SAN FRANCISCO, Calif. (Christian Examiner) -- A lot can happen in three days. That's the reality for California photography duo Nang and Chris Mai of Urloved Photography after a same-sex couple targeted their family business because of their personal beliefs. Now the Mais are walking away from the lucrative wedding industry instead of trying to navigate the murky waters of same-sex unions that embroil their artistic profession.
According to the San Francisco Chronicle, the San Rafael husband and wife team came under fire when they referred two homosexual men to another photography company to capture images of their pending nuptials.
"We genuinely felt referring this couple to a photographer who does share their personal beliefs would provide them with the best service for their special day," read a statement on the Urloved website.
But the attempt to communicate "their artistic passion for excellence" to the gay couple was misinterpreted, according to Charisma news. T.J. Kelsall of San Francisco posted a comment on the company's Facebook page claiming the duo had declined to photograph him and his partner, Thai Lam.

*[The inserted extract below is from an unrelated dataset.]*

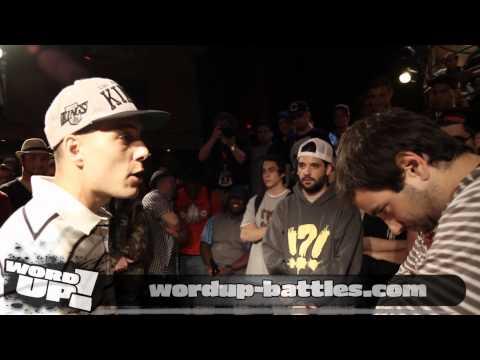Buck Dallass vs Mef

"Great shots but this company denied me and my fiance, a same-sex couple, from their services. Stand up and say something about it," he wrote Nov. 4 on the company's now defunct Facebook page.
The Urloved photographers said they were overwhelmed by negative messages and phone calls. In the end it took just three days for adversaries to shut down the services of the established photography business. On Nov. 7, the San Francisco couple told supporters via Facebook.
"We have been flooded with hate calls, e-mails and accusations that inaccurately depict our business," the couple wrote in their official statement. "On top of that, we have come to a difficult decision that we will no longer be in the wedding photography business. We are grateful for this experience as it has caused us to think about how our personal beliefs intersect with our business practices."
It is unclear if the couple will continue to pursue senior portraiture and lifestyle photography, two separate services their website indicated they also provide.
The California's Unruh Civil Rights Act requires businesses to provide all persons "full and equal accommodations, advantages, facilities, privileges, or services in all business establishments, including both private and public entities."
Similar legal provisions are increasingly being used to file complaints against businesses that cite religious beliefs for denying services to same-sex couples.